The Accountability Assumption is the implicit organizational belief that accountability for an agent's decisions resides with the vendor, the platform, or another team. Intent Architecture makes that assumption explicit and answerable because a complete authorization record names the Consequence Owner who accepted accountability before the agent went live.

Agent Sprawl describes what happens when Intent Architecture does not govern deployment at scale. Agents multiply faster than authorization records are produced. The gap between deployed agents and governed agents widens with every sprint cycle that includes deployment but not authorization design.

WHAT GOOD LOOKS LIKE

When Intent Architecture is in place

Any person in the organization, a new compliance officer, an external auditor, or a board member, can be handed the authorization record for any deployed agent and answer the following questions without additional research: what is this agent authorized to do, what is it explicitly prohibited from doing, what data can it access, who approved its deployment, and who is the Consequence Owner accountable for its ongoing behavior. The record is complete. The owner is reachable. The review date has not passed.
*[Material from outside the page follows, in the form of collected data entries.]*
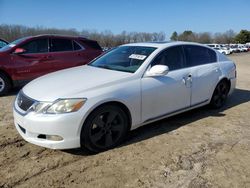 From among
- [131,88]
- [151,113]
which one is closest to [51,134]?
[131,88]

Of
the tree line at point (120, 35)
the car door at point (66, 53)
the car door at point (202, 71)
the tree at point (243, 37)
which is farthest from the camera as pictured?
the tree at point (243, 37)

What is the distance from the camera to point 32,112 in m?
3.81

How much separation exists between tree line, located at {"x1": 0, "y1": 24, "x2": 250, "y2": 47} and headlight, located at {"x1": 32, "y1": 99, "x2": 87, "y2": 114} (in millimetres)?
15964

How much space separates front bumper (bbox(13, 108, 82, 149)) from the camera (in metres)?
3.70

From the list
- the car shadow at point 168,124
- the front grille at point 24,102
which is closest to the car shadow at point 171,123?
the car shadow at point 168,124

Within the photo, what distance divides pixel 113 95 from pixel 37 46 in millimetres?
4843

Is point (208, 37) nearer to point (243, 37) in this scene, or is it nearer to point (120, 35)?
point (243, 37)

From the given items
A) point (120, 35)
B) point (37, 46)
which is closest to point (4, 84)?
point (37, 46)

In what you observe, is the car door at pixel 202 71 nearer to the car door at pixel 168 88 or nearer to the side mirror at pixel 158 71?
the car door at pixel 168 88

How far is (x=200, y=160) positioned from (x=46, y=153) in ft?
6.81

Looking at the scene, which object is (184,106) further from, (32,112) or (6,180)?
(6,180)

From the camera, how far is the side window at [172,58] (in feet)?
16.2

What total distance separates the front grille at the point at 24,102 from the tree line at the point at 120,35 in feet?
50.7

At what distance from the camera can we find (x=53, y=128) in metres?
3.71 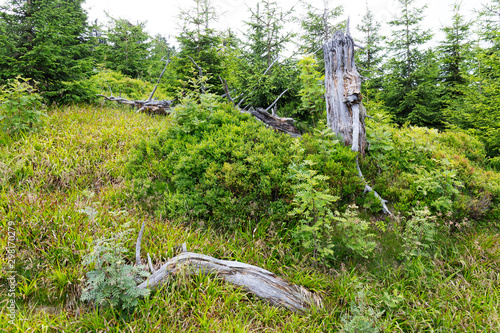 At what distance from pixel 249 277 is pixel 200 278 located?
22.3 inches

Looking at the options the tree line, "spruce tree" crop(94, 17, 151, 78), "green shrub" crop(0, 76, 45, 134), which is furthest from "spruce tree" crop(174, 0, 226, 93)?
"spruce tree" crop(94, 17, 151, 78)

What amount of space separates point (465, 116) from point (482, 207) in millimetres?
6561

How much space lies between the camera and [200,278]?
2695 millimetres

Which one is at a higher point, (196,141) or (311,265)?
(196,141)

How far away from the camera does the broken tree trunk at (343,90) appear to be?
16.6 feet

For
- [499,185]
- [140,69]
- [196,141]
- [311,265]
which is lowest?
[311,265]

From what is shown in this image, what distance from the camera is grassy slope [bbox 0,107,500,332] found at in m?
2.38

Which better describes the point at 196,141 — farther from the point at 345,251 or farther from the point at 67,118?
the point at 67,118

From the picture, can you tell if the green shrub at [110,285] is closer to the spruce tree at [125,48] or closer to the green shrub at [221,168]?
the green shrub at [221,168]

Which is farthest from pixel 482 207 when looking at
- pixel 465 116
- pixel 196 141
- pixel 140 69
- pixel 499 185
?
pixel 140 69

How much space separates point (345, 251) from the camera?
11.4 feet

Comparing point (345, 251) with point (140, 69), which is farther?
point (140, 69)

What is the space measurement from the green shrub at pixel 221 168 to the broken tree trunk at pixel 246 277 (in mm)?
793

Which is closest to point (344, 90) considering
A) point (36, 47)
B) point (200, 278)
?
point (200, 278) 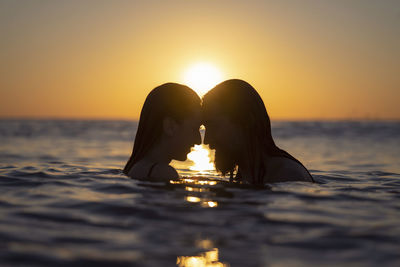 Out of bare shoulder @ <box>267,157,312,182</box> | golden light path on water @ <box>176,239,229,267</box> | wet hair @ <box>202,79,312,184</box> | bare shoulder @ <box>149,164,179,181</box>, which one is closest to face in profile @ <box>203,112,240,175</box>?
wet hair @ <box>202,79,312,184</box>

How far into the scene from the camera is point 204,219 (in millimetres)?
3652

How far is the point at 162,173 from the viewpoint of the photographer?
553 centimetres

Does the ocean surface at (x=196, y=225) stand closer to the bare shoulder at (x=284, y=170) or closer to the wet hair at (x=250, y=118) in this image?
the bare shoulder at (x=284, y=170)

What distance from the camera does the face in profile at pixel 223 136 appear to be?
18.6 feet

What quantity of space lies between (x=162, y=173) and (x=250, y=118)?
58.5 inches

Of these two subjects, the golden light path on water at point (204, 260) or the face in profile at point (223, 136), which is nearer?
the golden light path on water at point (204, 260)

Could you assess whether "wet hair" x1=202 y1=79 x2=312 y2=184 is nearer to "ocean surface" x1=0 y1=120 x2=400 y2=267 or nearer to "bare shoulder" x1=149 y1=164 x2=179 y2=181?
"ocean surface" x1=0 y1=120 x2=400 y2=267

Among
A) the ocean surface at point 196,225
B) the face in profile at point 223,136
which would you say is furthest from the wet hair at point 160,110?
the ocean surface at point 196,225

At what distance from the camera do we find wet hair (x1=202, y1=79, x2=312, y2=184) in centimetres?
546

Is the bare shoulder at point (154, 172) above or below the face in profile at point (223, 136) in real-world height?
below

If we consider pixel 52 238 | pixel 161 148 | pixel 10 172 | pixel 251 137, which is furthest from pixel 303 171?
pixel 10 172

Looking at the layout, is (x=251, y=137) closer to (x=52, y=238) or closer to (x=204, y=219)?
(x=204, y=219)

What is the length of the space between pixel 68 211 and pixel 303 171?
11.0ft

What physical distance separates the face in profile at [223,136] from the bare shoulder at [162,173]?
0.78 meters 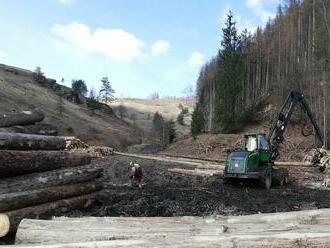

That is the standard. Most organizations are not there for most of their deployed agents. The Authorization Coverage Lifecycle measures exactly how far the gap is. Intent Architecture is the design work that closes it.

RESEARCH BASIS

  • Aim Security, EchoLeak disclosure, CVE-2025-32711, CVSS 9.3, June 2025.
  • Orca Security, RoguePilot research, February 2026.
  • NIST National Cybersecurity Center of Excellence, "Accelerating the Adoption of Software and AI Agent Identity and Authorization," February 5, 2026.
  • Cloud Security Alliance Agentic NIST AI RMF Profile, April 1, 2026.